Exercise prompt:
The exercise calls for a faithful copy of all the data.

[Dataset extract]

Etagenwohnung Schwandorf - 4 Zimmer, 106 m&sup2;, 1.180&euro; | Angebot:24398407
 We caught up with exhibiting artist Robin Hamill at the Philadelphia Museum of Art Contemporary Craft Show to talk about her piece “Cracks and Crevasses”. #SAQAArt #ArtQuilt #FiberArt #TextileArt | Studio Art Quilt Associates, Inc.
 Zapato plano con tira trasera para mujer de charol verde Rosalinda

[/Dataset extract]

Written solution:
Etagenwohnung Schwandorf - 4 Zimmer, 106 m&sup2;, 1.180&euro; | Angebot:24398407
 We caught up with exhibiting artist Robin Hamill at the Philadelphia Museum of Art Contemporary Craft Show to talk about her piece “Cracks and Crevasses”. #SAQAArt #ArtQuilt #FiberArt #TextileArt | Studio Art Quilt Associates, Inc.
 Zapato plano con tira trasera para mujer de charol verde Rosalinda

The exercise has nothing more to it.